● **GOAL OF THE EXERCISE**:
For this exercise, retype the lines from the one that holds "TRLREQ Dash Cam" through the one that holds "Captain hook inspired hairbow" in the records below, both included, exactly and without pictures.

[Stored data]
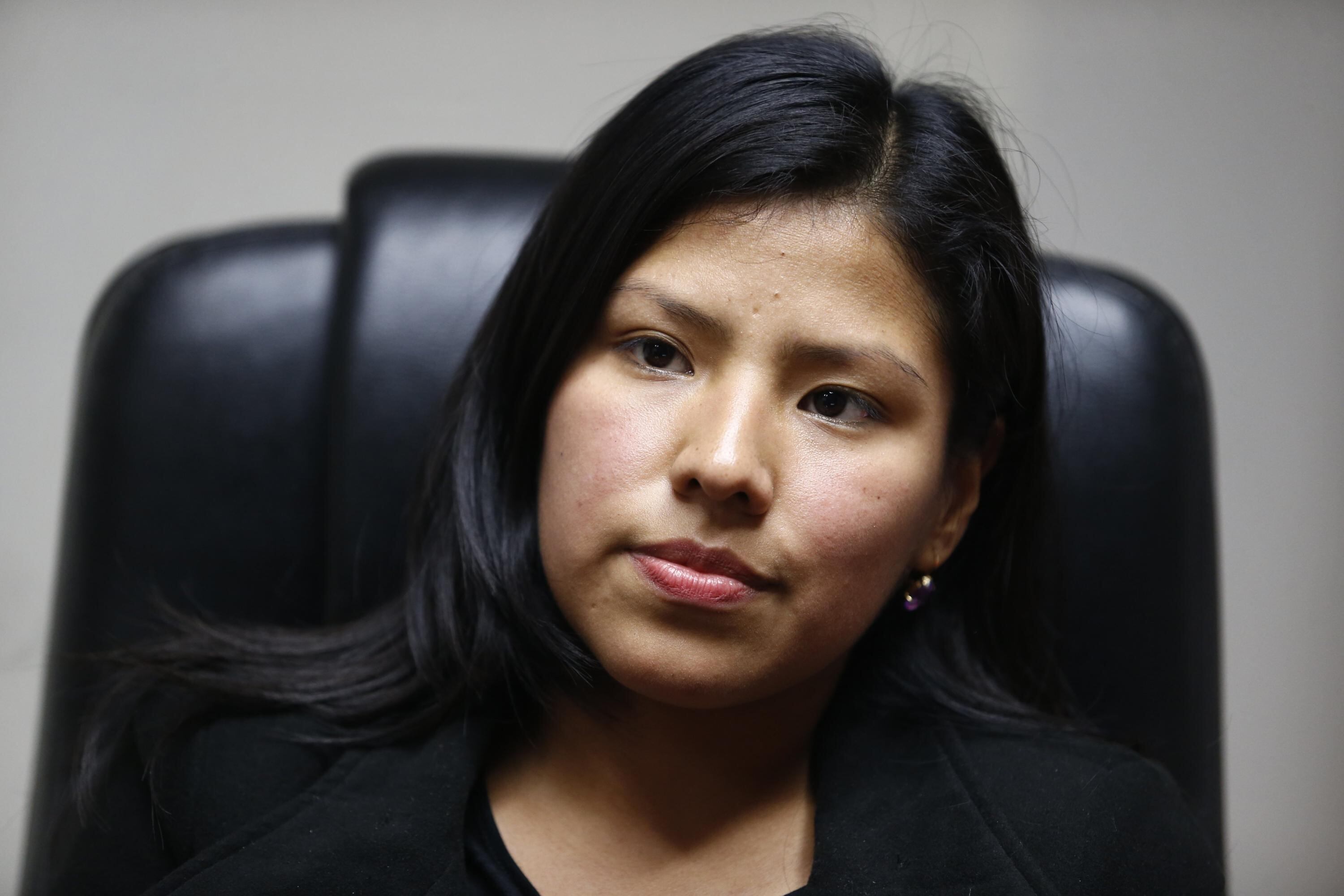 Indira Huilca fue regidora del partido de Susana Villarán en la Municipalidad de Lima del 2012 hasta el 2015 tras el proceso de revocatoria, (Foto: GEC)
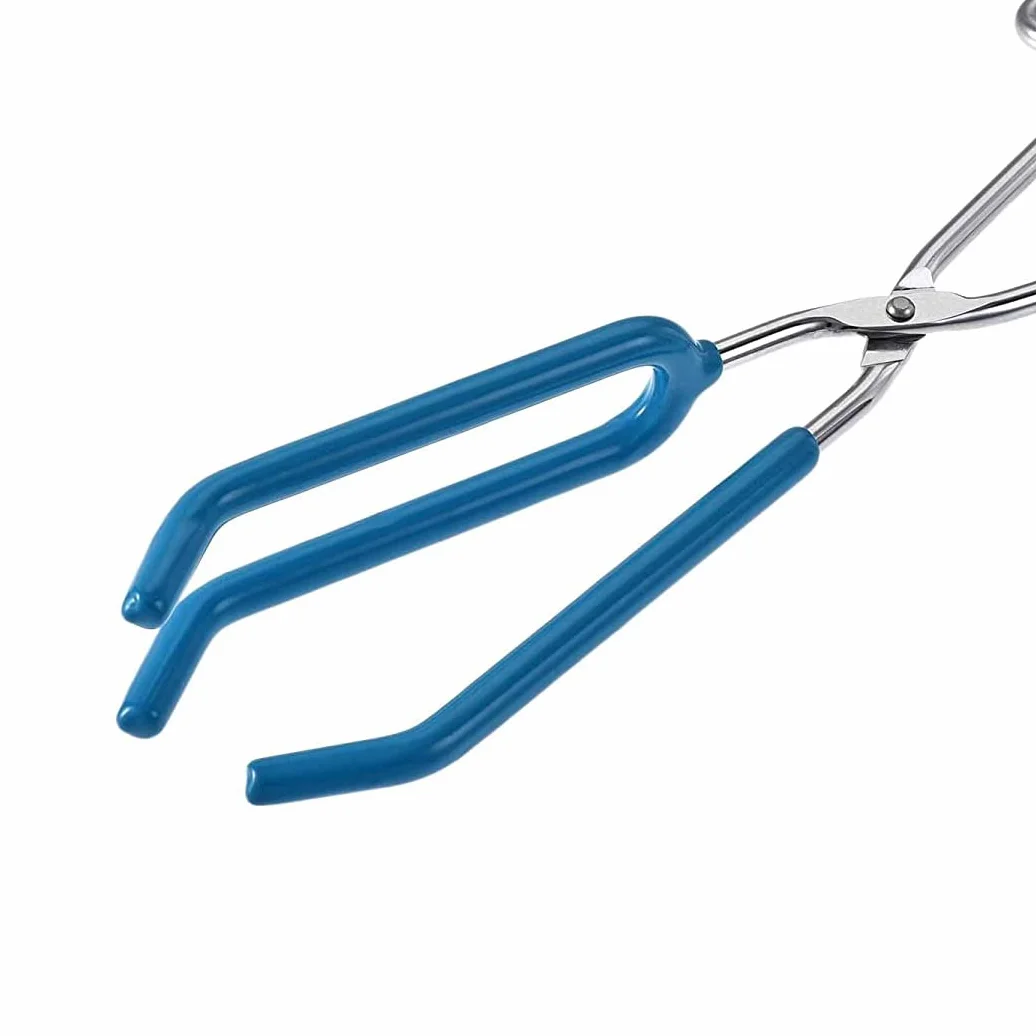 Pinza per Becher da Laboratorio 3 Poli Pinze per Clip per Becher da Laboratorio nel Acciaio Inossidabile Strumento per Clip di Sicurezza Strumento per Scienze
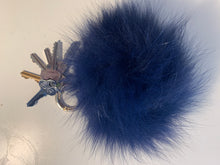 Load image into Gallery viewer, Keyrings - Fluffy Ball Keyring Soft Blue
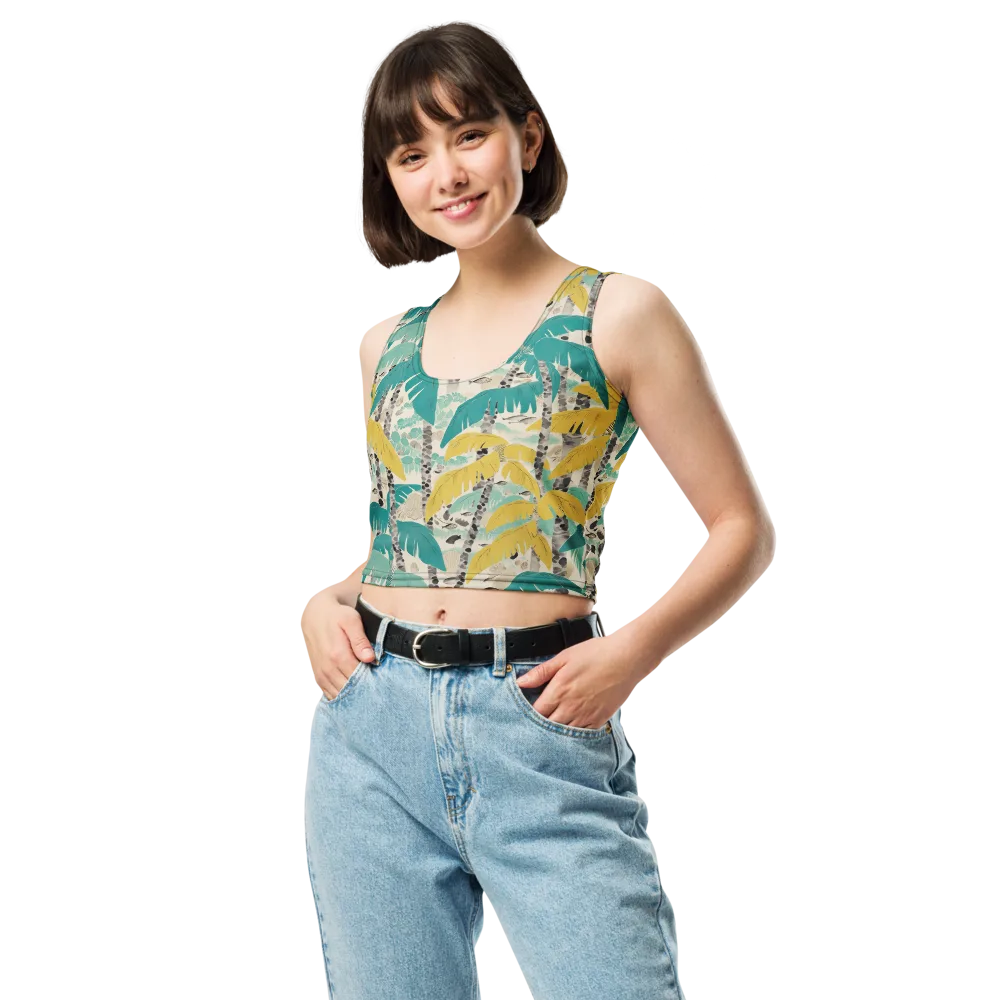 Lagoon Canopy on Crop Top — Front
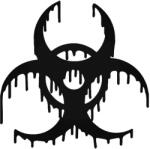 Stickify Folyós Biohazard matrica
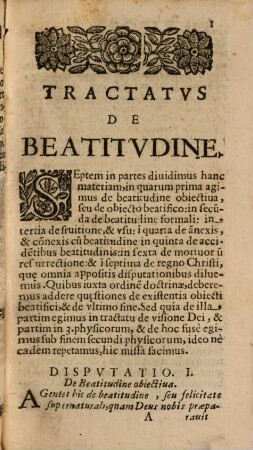 Tractatus de Beatitudine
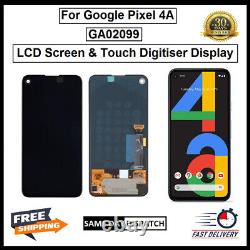 Pour Google Pixel 4A 4G Écran d'affichage LCD Remplacement de l'écran tactile Digitizer Noir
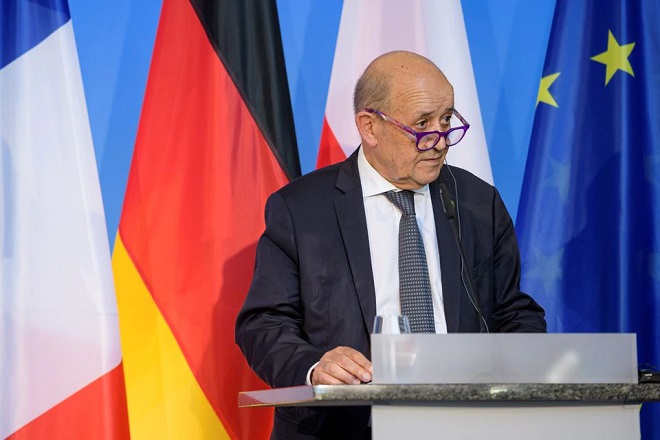 Ngoại trưởng Pháp Jean-Yves Le Drian.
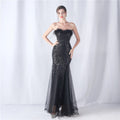 Sexy Elegant Long Wedding Party Dresses for Women 2025 Luxury Mesh Bridesmaid Evening Dresses Woman Sequin Summer Dress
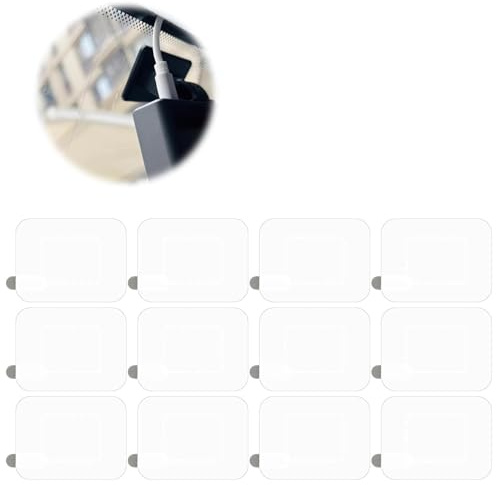 TRLREQ Dash Cam Adhesive Pads and Films, 12 Pieces Double-Sided Dashcam Adhesive Pads 5 x 3 cm and 12 Pieces Windscreen Transparent Antistatic Films 8 x 8 cm
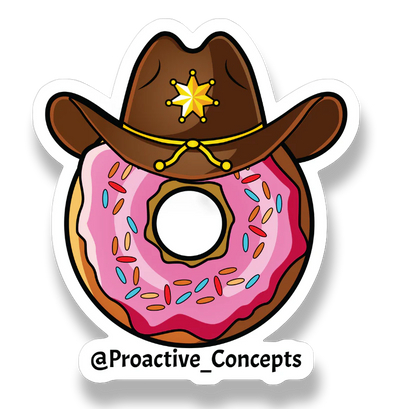 Deputy Donut - Sticker
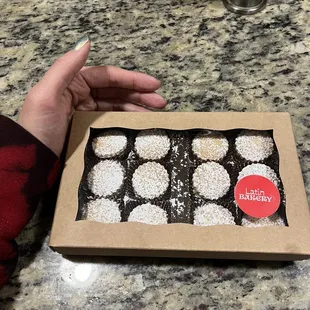 The size of the alfajor in comparison to my hand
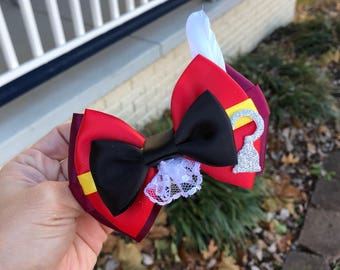 Captain hook inspired hairbow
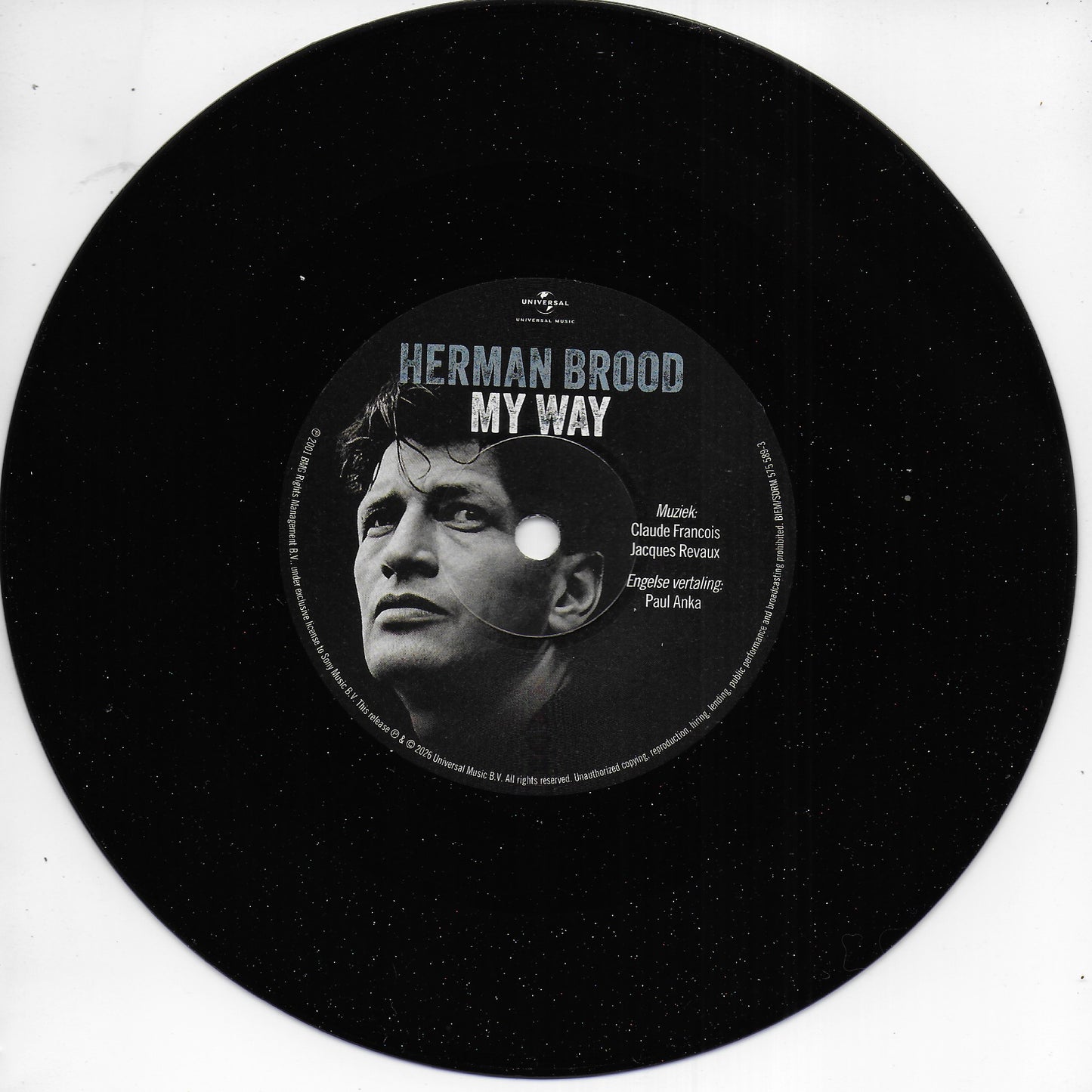 André Hazes - Waarom / Herman Brood - My way (Limited black sparkling vinyl)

● **EXERCISE OUTPUT**:
 TRLREQ Dash Cam Adhesive Pads and Films, 12 Pieces Double-Sided Dashcam Adhesive Pads 5 x 3 cm and 12 Pieces Windscreen Transparent Antistatic Films 8 x 8 cm
 Deputy Donut - Sticker
 The size of the alfajor in comparison to my hand
 Captain hook inspired hairbow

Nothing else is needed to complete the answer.